The new compliance institute aimed at encouraging the spontaneous fulfillment of declaration obligations
The biennial composition with creditors is the tool that allows smaller businesses and professionals to agree in advance on the business or self-employment income to be declared in the tax period covered by the composition on which the taxes will be paid, regardless of the income actually earned.
The objective of this tool is to generate greater taxpayer participation in the tax assessment mechanism, with the aim of identifying the tax to be paid.
Interested parties
The Legislative Decree no. 13/2024 introduces the biennial preventive agreement (CPB) which can be accessed for the two-year period 2024 - 2025 by holders of business income and self-employment who carry out activities in Italy with revenues and compensations not exceeding €5,164,569:
- who apply ISAs, i.e. who carry out an activity for which ISAs are foreseen and have no causes for exclusion from them (in 2023);
- in a flat-rate regime;
- in the absence of tax/contribution debts or repayment of the same amounts ≥ €5,000 by
on October 15, 2024.
Instead, in addition to those for whom there is a cause for exclusion from the ISA, all those for whom one of the following causes for exclusion exists cannot access the CPB:
- failure to submit the tax return in one of the three years preceding the years of application of the agreement;
- conviction for crimes relating to income taxes and VAT, false corporate communications, laundering/use of money, goods or utilities of illicit origin/self-laundering, committed in the three years preceding those of application of the agreement;
- beginning of business in the tax period preceding the one to which the agreement refers proposal.
Proposal from the tax authorities and acceptance by the taxpayer
The Tax Office's proposal is based on a calculation methodology that takes into account the information present in the databases as well as the data relating to the period prior to the agreed one present in the ISA model and more generally in the tax return.
By 15 June 2024 the Revenue Agency will formulate an income proposal through a specific IT procedure which the taxpayer is free to accept or not by ticking a specific box on the tax return by 15 October 2024.
The agreement has no effect for VAT purposes, the formal obligations as well as payment of the tax remain those ordinarily required and instead has effect for social security purposes, without prejudice to the possibility of paying contributions on actual income.
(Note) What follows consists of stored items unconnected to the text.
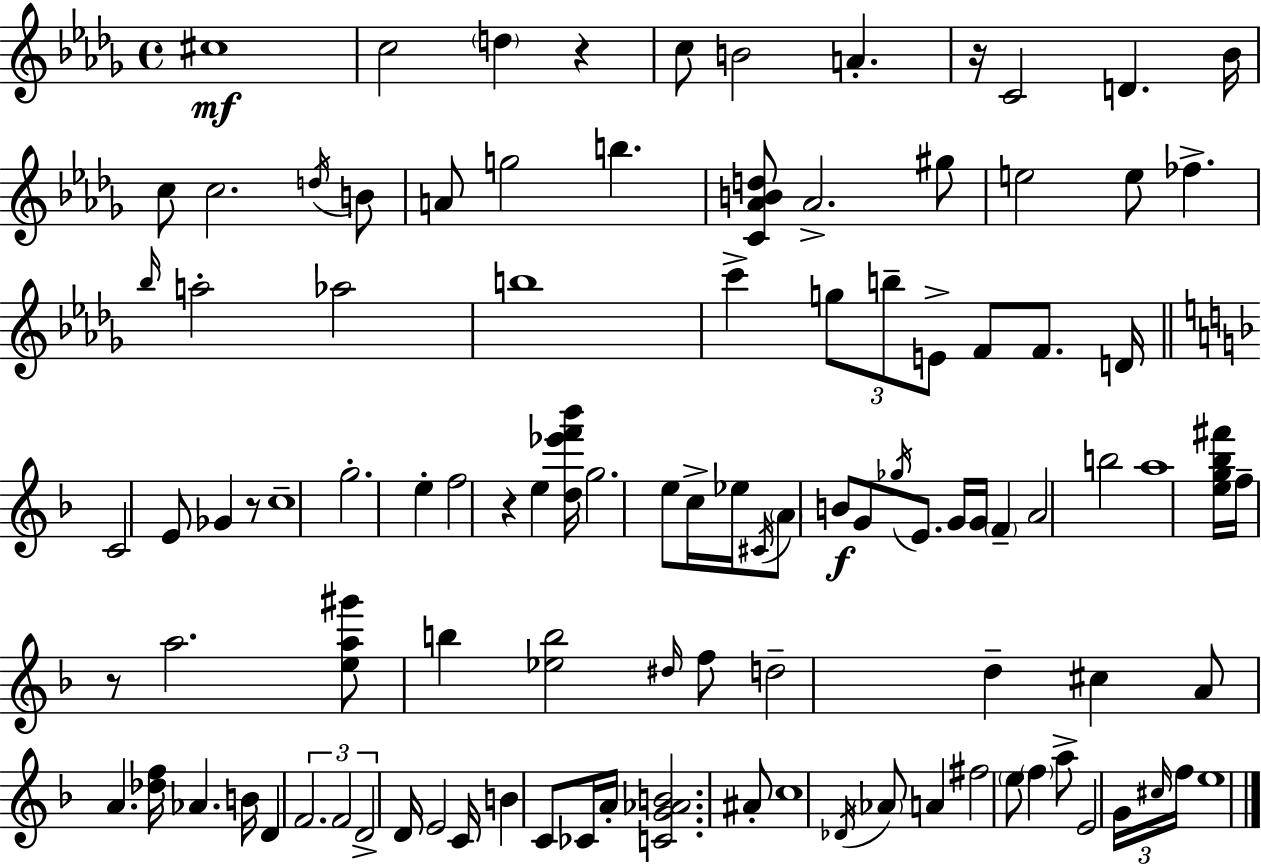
{
  \clef treble
  \time 4/4
  \defaultTimeSignature
  \key bes \minor
  cis''1\mf | c''2 \parenthesize d''4 r4 | c''8 b'2 a'4.-. | r16 c'2 d'4. bes'16 | \break c''8 c''2. \acciaccatura { d''16 } b'8 | a'8 g''2 b''4. | <c' aes' b' d''>8 aes'2.-> gis''8 | e''2 e''8 fes''4.-> | \break \grace { bes''16 } a''2-. aes''2 | b''1 | c'''4-> \tuplet 3/2 { g''8 b''8-- e'8-> } f'8 f'8. | d'16 \bar "||" \break \key d \minor c'2 e'8 ges'4 r8 | c''1-- | g''2.-. e''4-. | f''2 r4 e''4 | \break <d'' ees''' f''' bes'''>16 g''2. e''8 c''16-> | ees''16 \acciaccatura { cis'16 } \parenthesize a'8 b'8\f g'8 \acciaccatura { ges''16 } e'8. g'16 g'16 \parenthesize f'4-- | a'2 b''2 | a''1 | \break <e'' g'' bes'' fis'''>16 f''16-- r8 a''2. | <e'' a'' gis'''>8 b''4 <ees'' b''>2 | \grace { dis''16 } f''8 d''2-- d''4-- cis''4 | a'8 a'4. <des'' f''>16 aes'4. | \break b'16 d'4 \tuplet 3/2 { f'2. | f'2 d'2-> } | d'16 e'2 c'16 b'4 | c'8 ces'16 a'16-. <c' g' aes' b'>2. | \break ais'8-. c''1 | \acciaccatura { des'16 } \parenthesize aes'8 a'4 fis''2 | \parenthesize e''8 \parenthesize f''4 a''8-> e'2 | \tuplet 3/2 { g'16 \grace { cis''16 } f''16 } e''1 | \break \bar "|."
}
In the tax periods covered by the agreement, the ordinary tax obligations continue to exist and therefore the interested parties are required to comply with the ordinary accounting and declaration obligations and to communicate the data by submitting the forms. ISA.
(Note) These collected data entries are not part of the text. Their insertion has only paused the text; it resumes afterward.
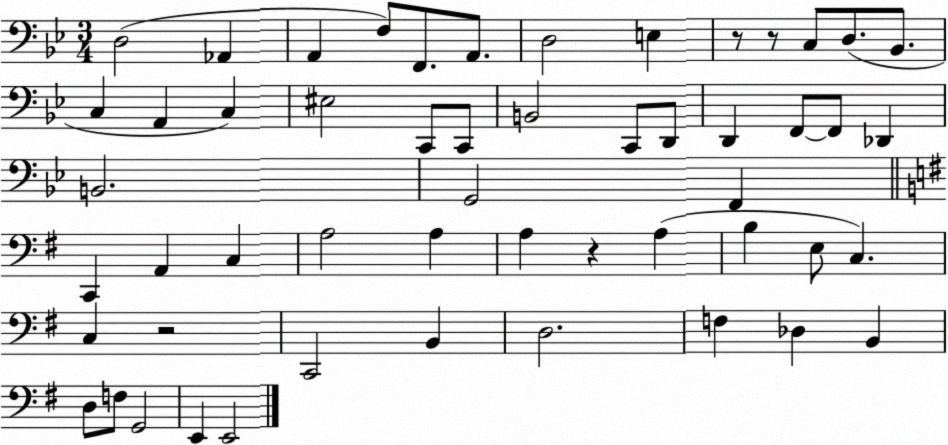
X:1
T:Untitled
M:3/4
L:1/4
K:Bb
D,2 _A,, A,, F,/2 F,,/2 A,,/2 D,2 E, z/2 z/2 C,/2 D,/2 _B,,/2 C, A,, C, ^E,2 C,,/2 C,,/2 B,,2 C,,/2 D,,/2 D,, F,,/2 F,,/2 _D,, B,,2 G,,2 F,, C,, A,, C, A,2 A, A, z A, B, E,/2 C, C, z2 C,,2 B,, D,2 F, _D, B,, D,/2 F,/2 G,,2 E,, E,,2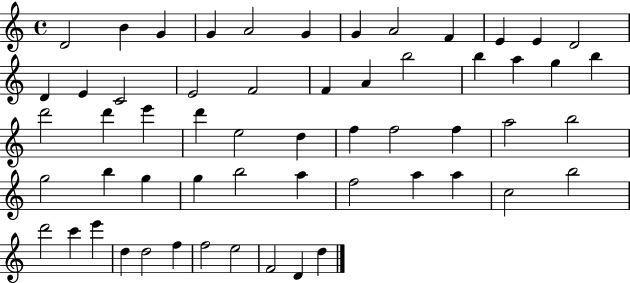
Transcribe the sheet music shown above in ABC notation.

X:1
T:Untitled
M:4/4
L:1/4
K:C
D2 B G G A2 G G A2 F E E D2 D E C2 E2 F2 F A b2 b a g b d'2 d' e' d' e2 d f f2 f a2 b2 g2 b g g b2 a f2 a a c2 b2 d'2 c' e' d d2 f f2 e2 F2 D d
After the two years covered by the agreement, if the aforementioned requirements are met and in the absence of causes for exclusion, the Revenue Agency formulates a new proposal for an agreement relating to the following two years.
Advantages and critical issues
The two-year preventive agreement has multiple advantages:
- ensures greater fiscal stability for the taxpayer and reduces the risks of possible disputes to a minimum;
- aims to simplyficate the lives of taxpayers by offering greater predictability;
- protects from additional taxes on any higher incomes than those agreed upon;
- excludes the possibility of assessments on the basis of simple presumptions;
- exempts from compliance visa for compensations and refunds up to 50,000 euros in VAT and up to 20,000 in taxes direct.
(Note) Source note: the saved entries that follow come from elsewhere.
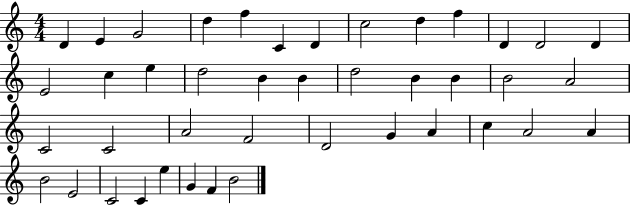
X:1
T:Untitled
M:4/4
L:1/4
K:C
D E G2 d f C D c2 d f D D2 D E2 c e d2 B B d2 B B B2 A2 C2 C2 A2 F2 D2 G A c A2 A B2 E2 C2 C e G F B2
The main critical issue is found in the case of actual incomes lower than the agreed one. Only where the actual income is lower than the agreed one by more than 50% due to exceptional causes can the agreement cease to produce effects, thus allowing the revision of the taxes due based on the actual incomes.
In conclusion, taxpayers who have regularly declared all the income earned will predictably have little interest in the CPB, since, to obtain advantages, they would have to bet on an increase in their future income; on the other hand, taxpayers who have failed to declare part of their income could evaluate the new tool with greater interest, as data that do not reflect the taxpayer's real earning capacity would be taken as a reference.